Source:未知|Popularity:0|release date:2020-04-21 10:18:20
While these pumps are still firmly entrenched in corrosive chemical applications and applications involving difficult to seal fluids, magnetic drive pumps are being challenged to be more efficient and have enhanced characteristics, such as dry running capabilities and corrosion resistance in the most severe conditions - all under the specter of higher material costs.
Also, more manufacturers now produce magnetic drive technology as it becomes accepted in the marketplace. These competitors are expanding their offerings - more options, sizes, and types - to match market growth and answer the evolving trends in emissions regulation and so-called green technology.
The regulation of emissions has been, and continues to be, a market driver for mag-drive pumps caused by safety statutes or simple economics. For example, a recent scrubber application for mag-drives resulted from the increased concentration of hydrofluoric acid in a scrubber system. At lower concentrations, the cost of wastewater treatment becomes burdensome, so the concentration is allowed to increase to a point where a mag-drive pump must be applied.
This general increase in the concentration of process streams, due to emission control across many industries, has greatly broadened the market for mag-drive pumps and resulted in expanded material offerings for them. For this reason, we have seen a trend towards more corrosion resistant resins and more fully fluorinated elastomer sealing elements.
Green technology is opening up markets for mag-drive pumps in some methods of producing biodiesel fuels, where mixtures of caustics and solvents create difficulties in sealing. Ethanol production also creates applications for acids used in functions such as pH trim and clean-in-place systems.
Another trend is the application of self-priming magnetic drive pumps to avoid the use of bulkhead fittings in the sides of storage tanks, which can cause of chemical spills. This type of mag-drive pump has been used in railroad and tank car unloading for many years, but smaller versions of mag-drive self priming pumps are now being applied similarly to such diverse uses as caustic pH trim in mine runoff ponds, plating tanks, and day and storage tanks at water treatment facilities.
One of the main challenges to magnetic drive pumps is the corrosion resistance of the magnetic elements themselves - both internal and external to the wet end. While several types of magnets are used, including ceramic and Samarium-Cobalt, most magnetic couplings in mag-drive pumps utilize Neodymium-Iron-Boron magnets due to their high maximum energy product.
Neodymium, however, has little corrosion resistance. The inner magnets are typically hermetically sealed within injection molded plastic resin. These resins must be tough to resist cracking and readily weldable. Some drives are now being designed with unfilled polymers, and finite-element based flow modeling of the mold process is being used to optimize the part, mold and weld joint designs. Figure 2 is an illustration of the plastic flow within the injection mold of a mag-drive pump inner drive.
Flow front temperature of injection molded plastic in one portion of the inner drive of a magnetic drive pump.

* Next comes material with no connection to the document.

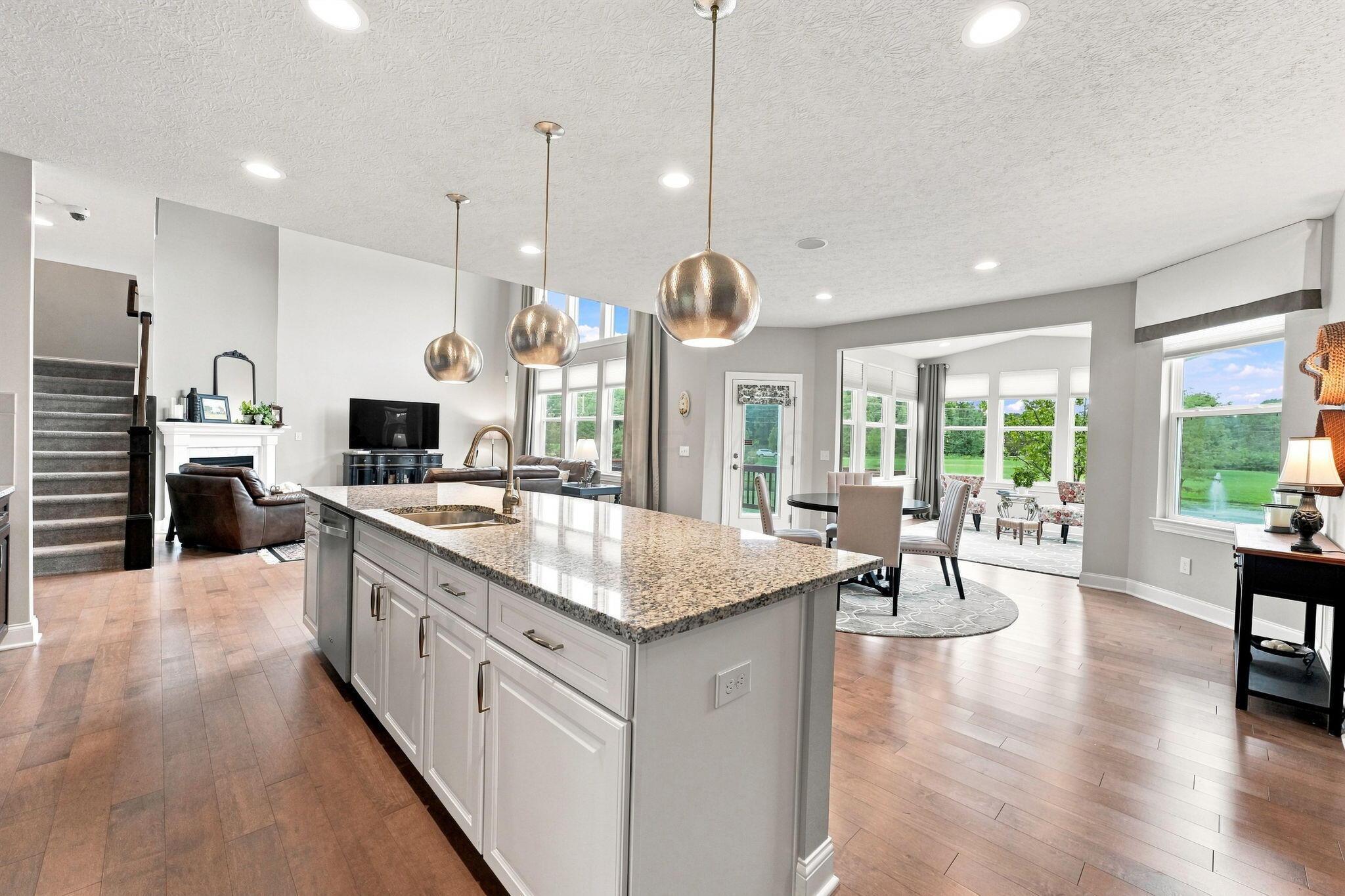 6117 Brookview Manor Drive Property Photo 7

Outer drive magnets, while not being wetted, are subject to fumes and wet conditions. As such, they are often Nickel plated, painted with epoxy or other paints, or encased in a thin stainless steel shell. Magnet manufacturers are responding to the Neodymium corrosion problem by offering enhanced corrosion-resistant grades - the "HAST" (highly accelerated stress test) grades. Motor adapters sealed with o-rings are also available on some models of mag-drive pumps.
Because the first magnetic drive pumps were metallic in construction and produced efficiency-robbing eddy currents within the barrier, a lingering perception persists that all magnetic drive pumps are less efficient than packed or sealed pumps. This is not true.

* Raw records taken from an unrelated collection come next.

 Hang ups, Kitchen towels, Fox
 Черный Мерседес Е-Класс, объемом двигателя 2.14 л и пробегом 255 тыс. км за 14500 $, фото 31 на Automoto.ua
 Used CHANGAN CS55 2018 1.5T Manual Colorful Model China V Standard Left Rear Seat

Any permanent magnetic drive pump with a barrier made of material that is not electrically conducting will not produce eddy currents and can be equally efficient to any pump design of similar size and specific speed. With energy costs soaring, the marketplace is definitely trending towards evaluating pump efficiency carefully, as well as applying pumps by controlling speed rather than system friction to vary flow rate in order to increase overall efficiency. Many magnetic drive pumps can fully and equally participate in this evaluation and be successful.
The ability for the magnetic drive rotor to run dry - that is, for the bushing or bearing support system of the inner rotor to continue to operate without malfunction in the absence of any pumped fluid to provide lubrication and heat removal - continues to be a focus of many mag-drive pump manufacturers.

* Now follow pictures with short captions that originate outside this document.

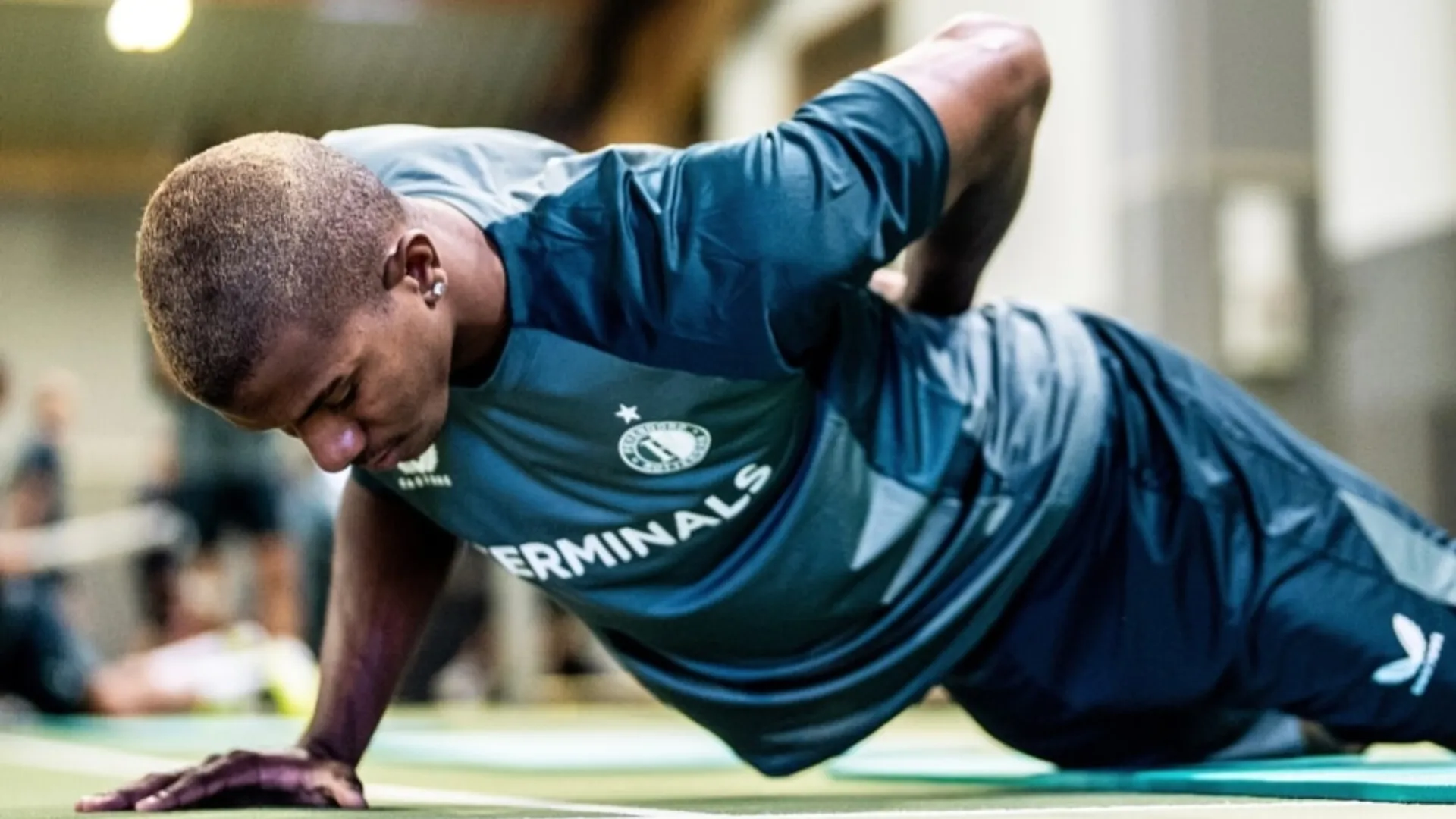 Jeyland Mitchell recibió novedades que repercuten en su futuro.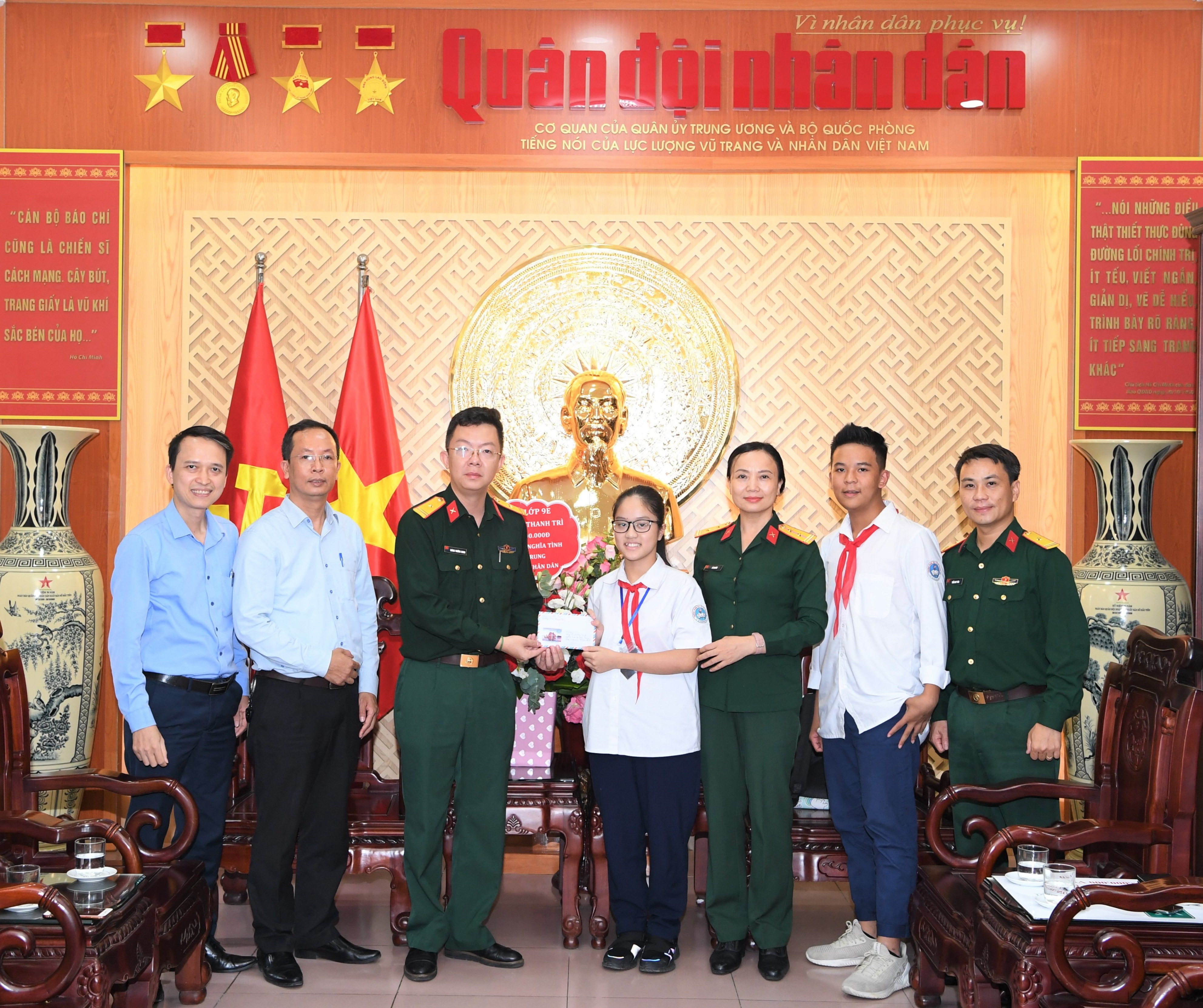 Báo Quân đội nhân dân tiếp tục đón nhận những tấm lòng hảo tâm hướng về miền Trung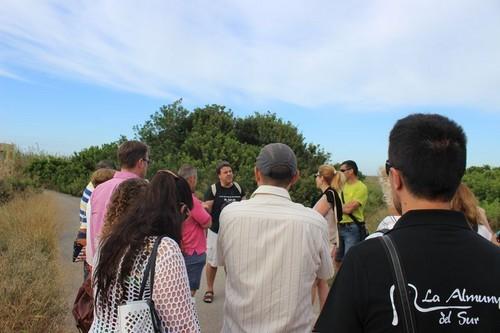 Moisés Palmero, de la Asociación 'Árbol de las piruletas' hizo un resumen de la fauna y flora de Punta Entinas en un marco incomparable.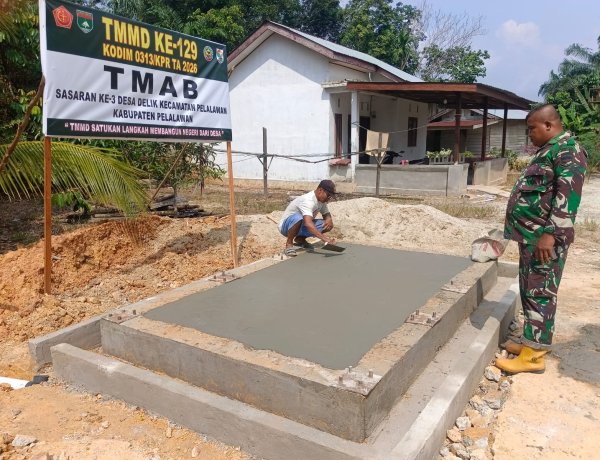 Wujudkan Program TMAB, Satgas TMMD ke-129 Kodim 0313/KPR Rampungkan Pengecoran Lantai Fondasi di Pelalawan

Be it proprietary coating technology or careful material selection of bushing and shaft materials, many manufacturers of magnetic drive pumps contrive to offer products with dry running capabilities. This greatly expands the versatility and reliability of mag-drive pumps into marginal applications and systems that may be prone to process upsets.
While increasing prices of raw materials affect manufacturers of all types of pumps, magnetic drive pumps have an extra cost burden - those rare earth materials that comprise the permanent magnets of which their drives are made. These materials come almost exclusively from China. There are several reasons for the increasing cost, including production and export quota problems along with the ever-expanding market for Neodymium material in the automotive and consumer electronics industries. The result has been double digit price increases in the cost of Neodymium, with no end in sight.
This gives magnetic pump designers a strong incentive to get the most out of every gram of this material. To help alleviate the cost somewhat, magnet producers offer a wide and growing variety of Neodymium magnet grades that combine varying levels of saturation magnetism and coercivity. They also offer Neodymium grades that retain magnetic properties up to 350-deg F.
While the challenges to applying magnetic drive pumps are many and varied, some formidable design tools are available to help meet those challenges. Finite element software design tools are the foremost change in magnetic drive pump design over the past several years and can affect every aspect of the design process and almost every component.
From CFD for hydraulic and mold design to FEA for structural analysis and magnetic flux, these tools are changing the way magnetic drive pumps are designed. As a result, the pump user community has a broader selection than ever for choosing mag-drive pumps for the many pumping applications for which they are suited.